Applied Data Scientist, LLM Evaluation

Driver•Austin, TX

1d•Remote

About The Position

At Driver, we’re building systems that turn source code into human language. The tech stack includes a core compiler-like engine, a heavily asynchronous/distributed backend server, and a frontend web application that provides a rich user experience. Driver is an early-stage startup backed by Y Combinator and Google Ventures that combines first principles technical approaches and applied LLM expertise to tackle context engineering at scale. Driver builds the context layer for employees and AI agents alike to use in developing software. Driver is an early-stage but fast-growing startup. As such, we take advantage of that which startups can excel: delivery speed, flexibility, and enjoying working with a small close-knit team.

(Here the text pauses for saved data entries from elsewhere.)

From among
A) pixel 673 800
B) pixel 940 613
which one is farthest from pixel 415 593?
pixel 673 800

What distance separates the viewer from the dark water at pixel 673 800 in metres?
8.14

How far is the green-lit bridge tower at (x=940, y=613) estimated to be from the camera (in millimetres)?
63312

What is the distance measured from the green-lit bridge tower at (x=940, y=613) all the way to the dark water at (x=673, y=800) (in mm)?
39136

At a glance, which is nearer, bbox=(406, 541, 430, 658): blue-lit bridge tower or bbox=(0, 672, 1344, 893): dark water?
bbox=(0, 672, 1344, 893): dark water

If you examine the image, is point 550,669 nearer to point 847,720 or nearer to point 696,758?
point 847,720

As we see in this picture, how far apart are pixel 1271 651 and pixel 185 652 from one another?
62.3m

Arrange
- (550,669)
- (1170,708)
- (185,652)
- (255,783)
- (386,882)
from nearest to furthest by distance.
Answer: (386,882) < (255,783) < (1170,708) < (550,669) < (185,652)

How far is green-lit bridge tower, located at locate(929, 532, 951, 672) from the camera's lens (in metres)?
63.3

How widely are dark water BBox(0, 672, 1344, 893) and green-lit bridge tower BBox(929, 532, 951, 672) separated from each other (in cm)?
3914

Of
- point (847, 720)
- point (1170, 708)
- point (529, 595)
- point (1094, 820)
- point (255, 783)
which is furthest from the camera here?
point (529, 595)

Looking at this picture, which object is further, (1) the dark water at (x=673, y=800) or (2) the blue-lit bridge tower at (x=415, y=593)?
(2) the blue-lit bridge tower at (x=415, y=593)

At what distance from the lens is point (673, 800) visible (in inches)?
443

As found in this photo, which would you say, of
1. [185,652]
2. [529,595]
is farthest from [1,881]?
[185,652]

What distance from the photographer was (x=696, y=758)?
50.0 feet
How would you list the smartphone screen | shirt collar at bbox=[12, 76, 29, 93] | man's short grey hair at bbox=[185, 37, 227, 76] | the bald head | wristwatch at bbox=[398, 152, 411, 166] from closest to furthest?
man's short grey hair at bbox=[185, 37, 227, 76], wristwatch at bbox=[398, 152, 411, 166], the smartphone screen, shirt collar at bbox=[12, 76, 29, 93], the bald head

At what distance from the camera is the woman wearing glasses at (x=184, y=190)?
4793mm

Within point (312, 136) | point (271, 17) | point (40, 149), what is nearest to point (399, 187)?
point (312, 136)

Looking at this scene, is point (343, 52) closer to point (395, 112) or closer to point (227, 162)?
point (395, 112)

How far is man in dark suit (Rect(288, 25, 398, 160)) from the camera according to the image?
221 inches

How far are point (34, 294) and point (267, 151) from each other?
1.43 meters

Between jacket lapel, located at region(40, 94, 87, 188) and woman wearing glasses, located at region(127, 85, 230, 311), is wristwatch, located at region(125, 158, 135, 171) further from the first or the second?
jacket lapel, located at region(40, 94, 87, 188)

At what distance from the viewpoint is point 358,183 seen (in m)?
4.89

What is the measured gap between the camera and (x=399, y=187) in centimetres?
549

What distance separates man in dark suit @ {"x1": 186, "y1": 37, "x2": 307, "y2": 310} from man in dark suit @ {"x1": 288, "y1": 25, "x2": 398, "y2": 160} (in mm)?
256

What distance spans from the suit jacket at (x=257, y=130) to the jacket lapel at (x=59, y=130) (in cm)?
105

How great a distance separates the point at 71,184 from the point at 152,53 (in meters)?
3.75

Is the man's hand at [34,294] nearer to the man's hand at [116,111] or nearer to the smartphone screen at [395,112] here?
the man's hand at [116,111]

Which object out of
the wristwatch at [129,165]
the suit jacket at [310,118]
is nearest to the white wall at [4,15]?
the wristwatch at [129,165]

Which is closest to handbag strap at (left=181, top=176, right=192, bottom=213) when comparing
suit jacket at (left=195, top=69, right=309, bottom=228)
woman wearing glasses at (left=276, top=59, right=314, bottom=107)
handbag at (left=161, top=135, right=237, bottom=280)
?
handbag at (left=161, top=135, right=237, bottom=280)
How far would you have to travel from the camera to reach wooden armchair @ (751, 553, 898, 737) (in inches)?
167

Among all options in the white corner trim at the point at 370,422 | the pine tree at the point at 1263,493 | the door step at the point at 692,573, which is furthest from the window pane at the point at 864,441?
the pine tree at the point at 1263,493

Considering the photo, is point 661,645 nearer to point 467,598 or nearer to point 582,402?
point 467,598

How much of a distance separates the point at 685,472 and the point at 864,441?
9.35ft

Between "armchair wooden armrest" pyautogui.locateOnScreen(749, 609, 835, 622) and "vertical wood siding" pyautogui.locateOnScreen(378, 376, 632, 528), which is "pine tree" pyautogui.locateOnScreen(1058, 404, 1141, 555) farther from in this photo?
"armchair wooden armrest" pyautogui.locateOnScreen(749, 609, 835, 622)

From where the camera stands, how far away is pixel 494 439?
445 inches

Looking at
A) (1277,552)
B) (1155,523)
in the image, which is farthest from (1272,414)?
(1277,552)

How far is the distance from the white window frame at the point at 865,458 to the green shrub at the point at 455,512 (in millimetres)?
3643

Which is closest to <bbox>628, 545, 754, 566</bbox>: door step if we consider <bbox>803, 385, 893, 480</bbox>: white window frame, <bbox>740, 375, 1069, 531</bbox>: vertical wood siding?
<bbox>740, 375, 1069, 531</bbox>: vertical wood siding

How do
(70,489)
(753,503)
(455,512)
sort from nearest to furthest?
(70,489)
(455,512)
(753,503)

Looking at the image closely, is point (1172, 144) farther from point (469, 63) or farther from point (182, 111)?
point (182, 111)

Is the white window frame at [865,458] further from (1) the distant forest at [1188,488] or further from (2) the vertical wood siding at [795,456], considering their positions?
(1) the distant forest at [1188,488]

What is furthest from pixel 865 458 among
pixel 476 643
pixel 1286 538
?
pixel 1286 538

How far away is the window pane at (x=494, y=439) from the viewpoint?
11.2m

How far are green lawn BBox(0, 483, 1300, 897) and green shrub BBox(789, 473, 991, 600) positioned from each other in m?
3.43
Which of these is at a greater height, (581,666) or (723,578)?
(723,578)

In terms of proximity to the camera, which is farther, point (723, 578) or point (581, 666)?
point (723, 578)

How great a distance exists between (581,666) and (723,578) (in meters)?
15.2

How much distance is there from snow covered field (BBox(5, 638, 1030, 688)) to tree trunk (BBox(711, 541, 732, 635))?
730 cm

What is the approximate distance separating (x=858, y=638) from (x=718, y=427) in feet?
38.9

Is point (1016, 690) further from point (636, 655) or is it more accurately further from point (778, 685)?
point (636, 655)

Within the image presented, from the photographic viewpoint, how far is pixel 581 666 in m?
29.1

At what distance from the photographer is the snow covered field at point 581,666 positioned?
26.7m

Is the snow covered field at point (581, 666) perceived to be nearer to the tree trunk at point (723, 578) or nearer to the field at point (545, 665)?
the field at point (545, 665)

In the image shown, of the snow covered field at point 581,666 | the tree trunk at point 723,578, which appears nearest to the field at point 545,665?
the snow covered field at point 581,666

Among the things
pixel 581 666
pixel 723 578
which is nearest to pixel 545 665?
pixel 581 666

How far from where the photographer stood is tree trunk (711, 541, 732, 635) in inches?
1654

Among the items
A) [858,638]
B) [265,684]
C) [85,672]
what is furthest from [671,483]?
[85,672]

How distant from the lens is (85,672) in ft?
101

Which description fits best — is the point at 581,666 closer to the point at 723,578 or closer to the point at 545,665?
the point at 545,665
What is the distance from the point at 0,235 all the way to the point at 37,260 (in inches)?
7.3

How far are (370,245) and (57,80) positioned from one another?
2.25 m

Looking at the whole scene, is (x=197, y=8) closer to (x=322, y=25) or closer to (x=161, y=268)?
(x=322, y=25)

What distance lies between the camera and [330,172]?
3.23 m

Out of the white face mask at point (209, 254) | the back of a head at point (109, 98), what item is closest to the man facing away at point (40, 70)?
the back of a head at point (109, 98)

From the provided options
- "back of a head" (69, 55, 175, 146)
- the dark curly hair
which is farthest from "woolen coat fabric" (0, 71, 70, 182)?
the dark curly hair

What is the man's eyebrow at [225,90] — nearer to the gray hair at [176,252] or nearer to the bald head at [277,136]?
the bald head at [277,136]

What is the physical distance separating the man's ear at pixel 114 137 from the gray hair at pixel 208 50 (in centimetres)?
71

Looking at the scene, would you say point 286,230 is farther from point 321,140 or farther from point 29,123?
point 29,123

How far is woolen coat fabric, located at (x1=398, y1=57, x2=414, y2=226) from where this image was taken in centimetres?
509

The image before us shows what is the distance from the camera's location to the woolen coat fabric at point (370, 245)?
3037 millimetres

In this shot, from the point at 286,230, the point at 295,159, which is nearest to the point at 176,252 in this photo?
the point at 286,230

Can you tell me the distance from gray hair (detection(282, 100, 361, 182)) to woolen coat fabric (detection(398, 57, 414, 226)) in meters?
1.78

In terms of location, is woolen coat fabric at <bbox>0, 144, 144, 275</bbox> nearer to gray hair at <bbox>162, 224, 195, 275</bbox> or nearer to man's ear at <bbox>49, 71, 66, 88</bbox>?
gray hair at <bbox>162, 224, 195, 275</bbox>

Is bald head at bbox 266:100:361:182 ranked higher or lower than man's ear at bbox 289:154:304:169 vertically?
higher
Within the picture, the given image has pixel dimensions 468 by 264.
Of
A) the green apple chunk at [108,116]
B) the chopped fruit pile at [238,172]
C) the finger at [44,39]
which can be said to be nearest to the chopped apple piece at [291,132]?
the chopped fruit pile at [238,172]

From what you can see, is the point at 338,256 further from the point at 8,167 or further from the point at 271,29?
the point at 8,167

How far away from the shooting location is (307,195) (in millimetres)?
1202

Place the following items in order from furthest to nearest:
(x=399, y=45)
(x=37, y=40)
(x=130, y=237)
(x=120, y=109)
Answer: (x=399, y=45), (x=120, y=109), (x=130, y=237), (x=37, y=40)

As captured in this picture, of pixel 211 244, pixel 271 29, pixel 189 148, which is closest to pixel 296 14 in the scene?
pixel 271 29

Organizational and engineering values at Driver include first-principles thinking, correct by construction, writing things down, experimentation and iteration, pragmatism, commitment to effective communication and transparency, autonomy, and ambition.

Requirements

Bachelor's, Master's, or PhD in Statistics, Machine Learning, Data Science, Computational Linguistics, or a related quantitative field.
Minimum 3 — 5 years in applied science, ML engineering, or data science roles with a focus on evaluation, NLP, or generative AI.
Strong statistical foundations: experimental design, hypothesis testing, confidence intervals, effect sizes, power analysis.
Experience designing and running evaluations for LLM or NLP systems — you've thought carefully about what "better" means when outputs are open-ended text.
Proficient in Python and the scientific/data stack (pandas, NumPy, scipy, sklearn).
Comfortable working in Jupyter notebooks for exploration and prototyping, and turning that work into automated pipelines.
Experience with LLM-as-judge approaches, inter-annotator agreement, and rubric design for subjective quality assessment.
Familiarity with the practical challenges of non-deterministic systems: variance decomposition, multi-run methodology, distinguishing signal from noise at scale.
Strong data storytelling — you can turn experiment results into clear recommendations that drive engineering and product decisions.

Nice To Haves

7+ years experience preferred.
Experience with LLM APIs and prompt engineering across multiple providers.
Familiarity with evaluation frameworks (e.g., RAGAS, DeepEval, custom harnesses).
Experience building data pipelines or ETL workflows (Airflow, Dagster, or similar).
Comfort with SQL and working directly against production data stores.
Experience with visualization tools (Matplotlib, Plotly, Streamlit) for building internal dashboards and reports.
Background in code understanding, developer tools, or technical documentation.
Experience building or managing annotation pipelines and human evaluation workflows.

Responsibilities

Own the LLM evaluation strategy at Driver — from first principles to production infrastructure.
Define quality metrics and build evaluation datasets.
Establish what "good" looks like for each content type across the pipeline.
Build and curate gold-standard evaluation datasets across languages and repo archetypes (monorepos, microservices, libraries, applications).
Design rubrics that capture accuracy, completeness, usefulness, and readability.
Build benchmarking and experimentation infrastructure.
Create automated evaluation pipelines that score output against reference datasets.
Instrument the content generation pipeline to support A/B comparisons — run the same codebase through two strategies and compare results.
Build tooling for LLM-as-judge evaluation and regression detection.
Integrate evaluation into CI so pipeline changes come with quality evidence.
Develop automated quality signals at scale.
Build quality checks that flag degraded output without requiring human review of every document.
Monitor content quality trends over time.
Design sampling strategies for human review that maximize signal with minimal annotation effort.
Quantify tradeoffs and inform decisions.
Run experiments on model selection, context strategies, and pipeline architecture changes.
Quantify cost/quality/latency tradeoffs.
Partner with the engineering team to turn evaluation insights into shipped improvements.